Pictures with short captions:

□ □ □ □

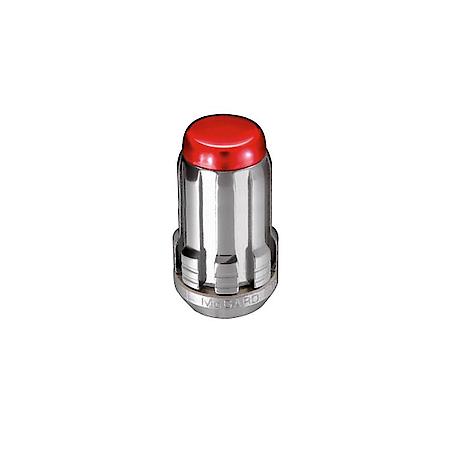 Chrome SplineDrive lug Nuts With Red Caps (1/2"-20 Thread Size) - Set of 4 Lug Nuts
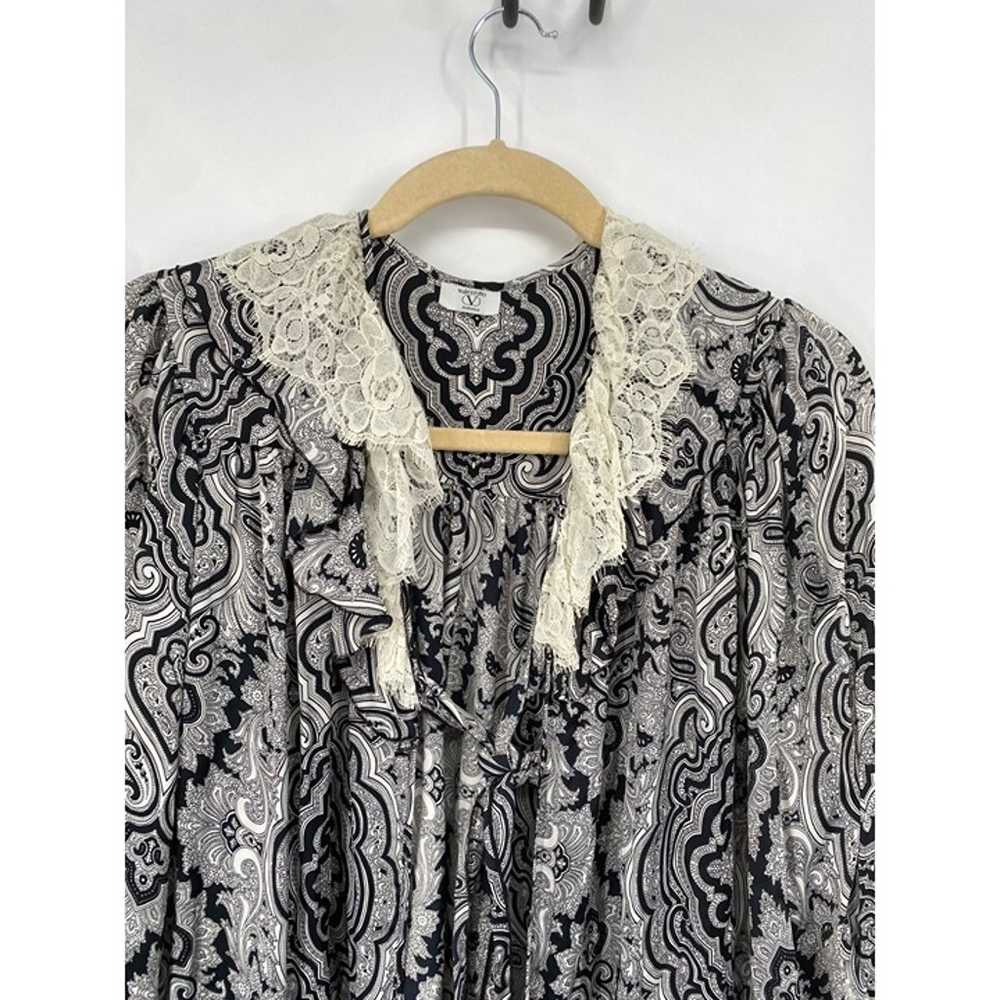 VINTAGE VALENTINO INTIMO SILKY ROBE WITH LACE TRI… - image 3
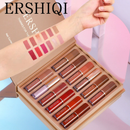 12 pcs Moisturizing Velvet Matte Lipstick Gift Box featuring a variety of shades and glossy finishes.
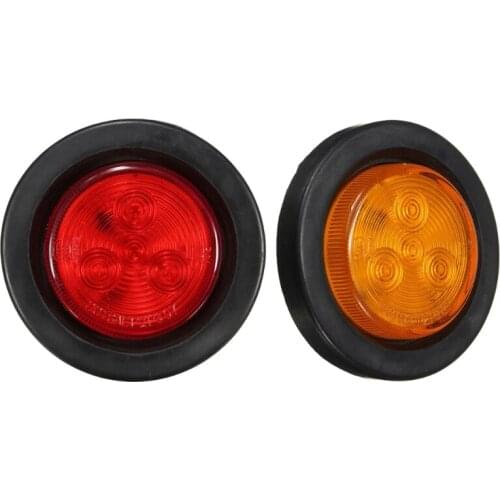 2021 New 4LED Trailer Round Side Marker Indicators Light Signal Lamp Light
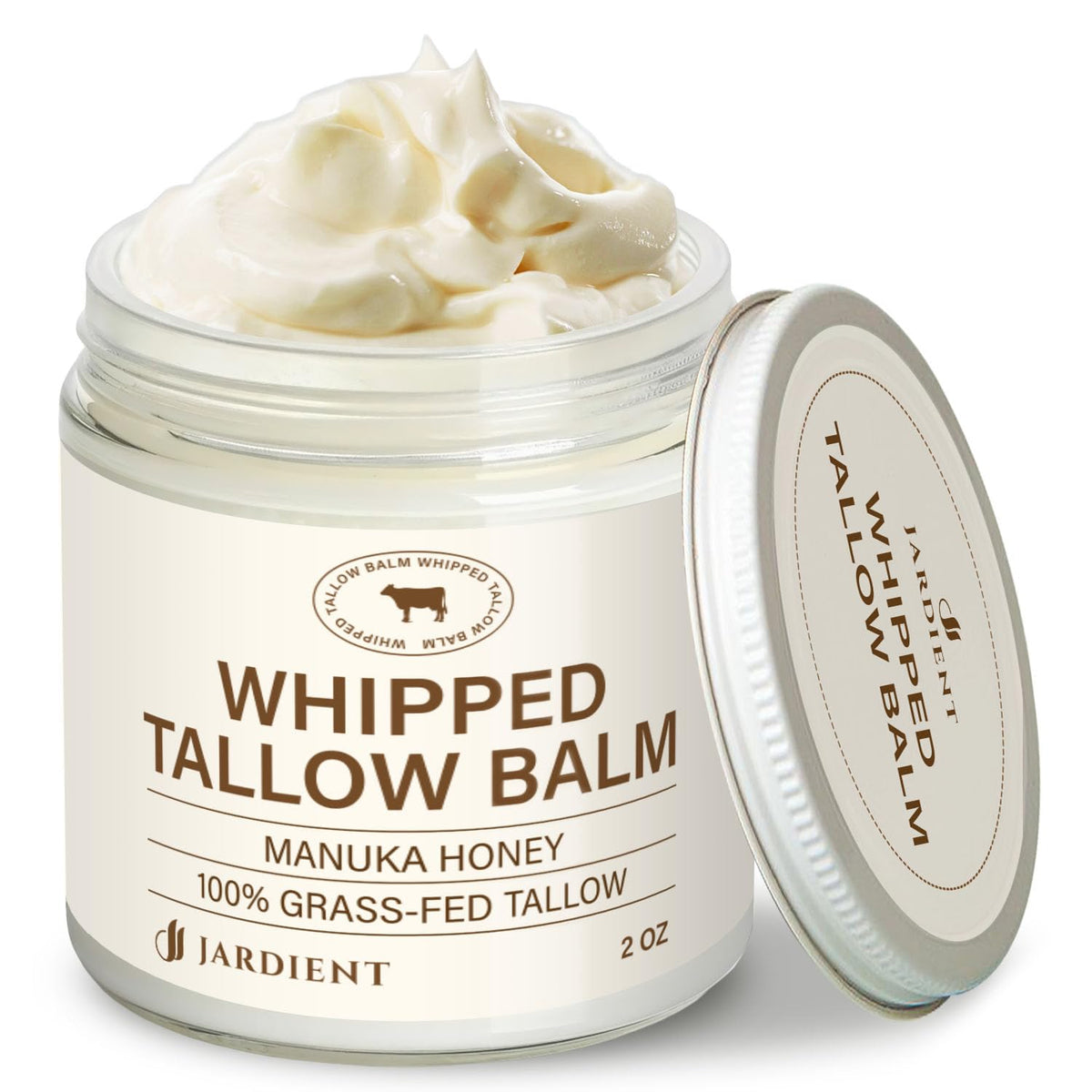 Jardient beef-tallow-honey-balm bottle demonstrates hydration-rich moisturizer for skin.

□ □ □ □

Work request:
Could you copy the data above exactly, leaving the pictures out?

Exercise output:
 Chrome SplineDrive lug Nuts With Red Caps (1/2"-20 Thread Size) - Set of 4 Lug Nuts
 VINTAGE VALENTINO INTIMO SILKY ROBE WITH LACE TRI… - image 3
 12 pcs Moisturizing Velvet Matte Lipstick Gift Box featuring a variety of shades and glossy finishes.
 2021 New 4LED Trailer Round Side Marker Indicators Light Signal Lamp Light
 Jardient beef-tallow-honey-balm bottle demonstrates hydration-rich moisturizer for skin.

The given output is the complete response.